We need to talk about how m/f bisexual rep is NOT THE SAME as m/f heterosexual rep. Bisexual people in m/f relationships face constant erasure. They're told they aren't *really* queer. They're made to feel they "settled". Bisexual people in m/f relationships are made to feel "basically straight" despite the bigotry faced--and the book community reflects this.

I see a lot of talk about why we even need m/f bisexual rep when, if you WANT m/f, you can pick a book off the shelf at random. But bisexual m/f rep IS NOT THE SAME as heterosexual m/f rep. Yes, we need it. I needed bisexual m/f rep as a kid to understand that I could BE in an m/f relationship and STILL bisexual. I needed bisexual m/f rep as a kid in order to recognize that liking boys didn't make me straight. I needed bisexual m/f rep as a kid to show me that my sexuality wasn't "turned off" or "straightened" because I held a boy's hand.

"Why d'you need bisexual m/f when there's so much m/f already?" assumes we're hungry for m/f sex scenes rather than THE BISEXUAL REP ITSELF. We know that Exploitation and Representation are different things. We know context and nuance are important. Or, if we don't know that, we need to learn.

Gay m/m books written to titillate straight women readers isn't the same as gay m/m representation.

Lesbian f/f books written to arouse straight men reading along isn't the same as lesbian f/f representation.

Trans narratives written for chasers to jerk off to are not the same as trans representation written by/for trans readers.

We need bi and pan representation that is GOOD and reflects our real and messy experiences for real, messy bi/pan readers.

We're not "half-gay, half-straight" (the original meaning of the bi in bisexual) in need of gay and straight books. WE NEED BI BOOKS. We need bi books to be reviewed by bi readers. Takes from other folks about whether the bisexuality was "established correctly" = NOPE.

And because this keeps coming up: No, I do not think all bi rep is equally good. That's ridiculous. OF COURSE there are badly written bi characters in fiction. Do you know who gets to critique them? Bisexual people! What we do not need or want are generalized rules (esp. from non-bi people!) about how bi characters have to be written!

"They have to show an experience of an attraction to two genders." No!
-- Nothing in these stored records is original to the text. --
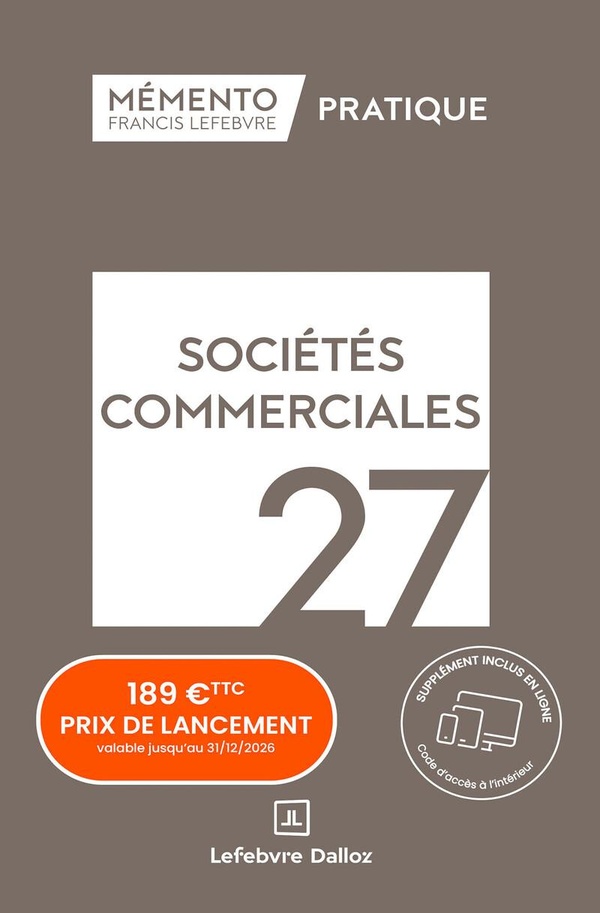 MEMENTO SOCIETES COMMERCIALES 2027
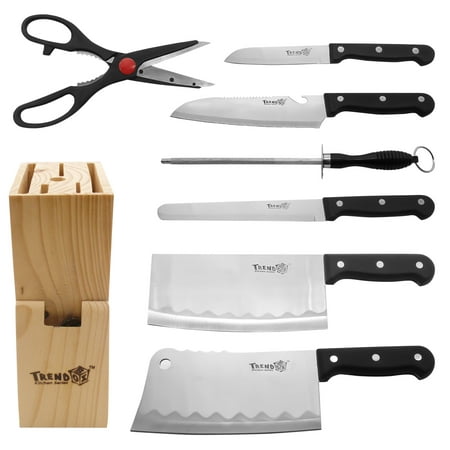 Trendbox Multipurpose Use Stainless Steel Professional Kitchen Knife Set with Scissors Wooden Block For Home Kitchen Restaurant (The Best Cooking Blogs)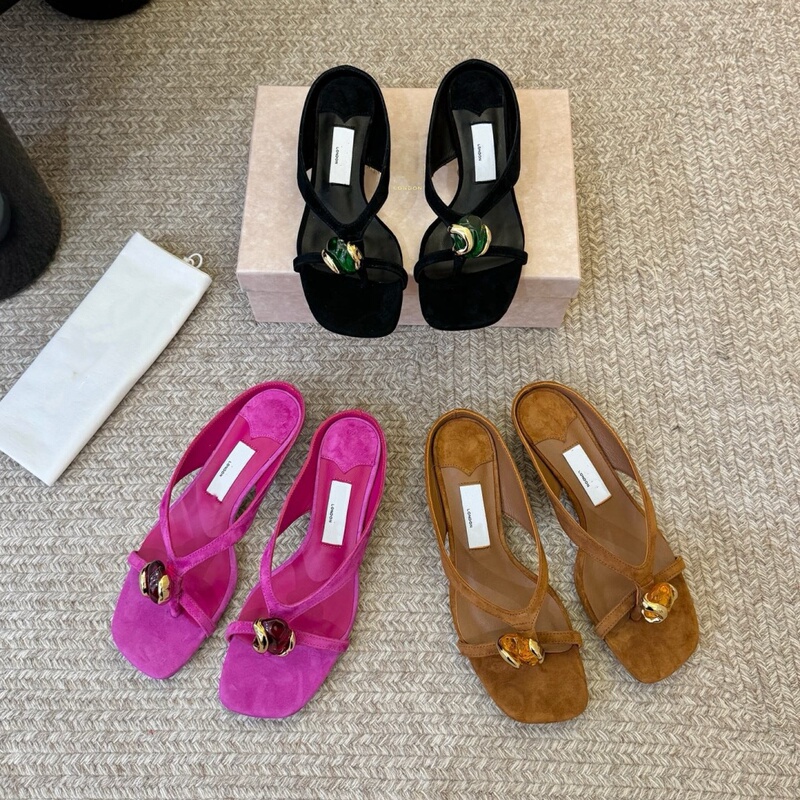 Tts Genuine Leather Kitten Heel Open-Toe Thong Sandals with Gemstone Low Heel, Versatile Vacation Flip-Flops, Beach Shoes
I am bi all the time, not just when attracted to people.

"They have to say 'bisexual' on the page." Look, I prefer that too, but sometimes it doesn't work in the story. Case-by-case basis.

"They have to show more attraction than just a fleeting 'girls are hot'." No, they literally do not have to meet an attraction bar.
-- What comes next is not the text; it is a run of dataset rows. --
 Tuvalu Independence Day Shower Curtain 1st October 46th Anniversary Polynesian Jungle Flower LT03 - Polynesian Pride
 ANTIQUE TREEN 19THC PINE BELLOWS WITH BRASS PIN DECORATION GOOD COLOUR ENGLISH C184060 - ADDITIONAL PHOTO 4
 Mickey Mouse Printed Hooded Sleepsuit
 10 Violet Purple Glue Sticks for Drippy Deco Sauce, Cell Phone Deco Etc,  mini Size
"They have to experience bigotry against bisexuals." Hahahahahahaha, NO. We're allowed to write bi fluff, closeted bis, wev we want.
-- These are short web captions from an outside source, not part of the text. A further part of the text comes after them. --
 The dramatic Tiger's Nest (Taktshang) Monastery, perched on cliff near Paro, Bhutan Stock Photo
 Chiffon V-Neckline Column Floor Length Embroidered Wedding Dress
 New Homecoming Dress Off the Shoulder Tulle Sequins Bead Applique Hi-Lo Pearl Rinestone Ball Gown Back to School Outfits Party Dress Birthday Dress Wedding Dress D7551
"They have to differentiate themselves from straight characters." NO. You can *stop* assuming straightness is a default we deviate from.

"They have to be canonically bi, not just authorially so." Look, the Dumbledore effect is a thing, BUT perhaps you are not the best judge.

I have written bi characters attracted to multiple gender in CHAPTER ONE and still had people surprised when same-gender sex happened later.

So, again, the Dumbledore Effect (vs. On Page Rep) is a case-by-case thing that BISEXUAL PEOPLE get to discuss. Everyone else gets to hush.

I keep saying this, but allyship includes *being quiet* when something isn't your lane. Let the bi people thrash out the reviews.

"They have to be attracted to someone with opposite genitals, not just opposite gender trans people." Step on Legos if you think this.

"They shouldn't call themselves gay." Look, some of us do and realize later we're not and/or some of us use it as an umbrella term.

And, look, you don't HAVE to READ bisexual books! No one is saying (I hope?) that they're mandatory reading. Just that, by gum, we're allowed to write our own messy rep and non-bi people can please be quiet while we have our bi conversations.

I honestly don't know why non-bi people are invested in this AT ALL or @-ing my thread. If you're not bi, you don't get to judge bi rep. I feel mean saying that, but why would someone not in this identity BE a good judge of the authentic representations of said identity?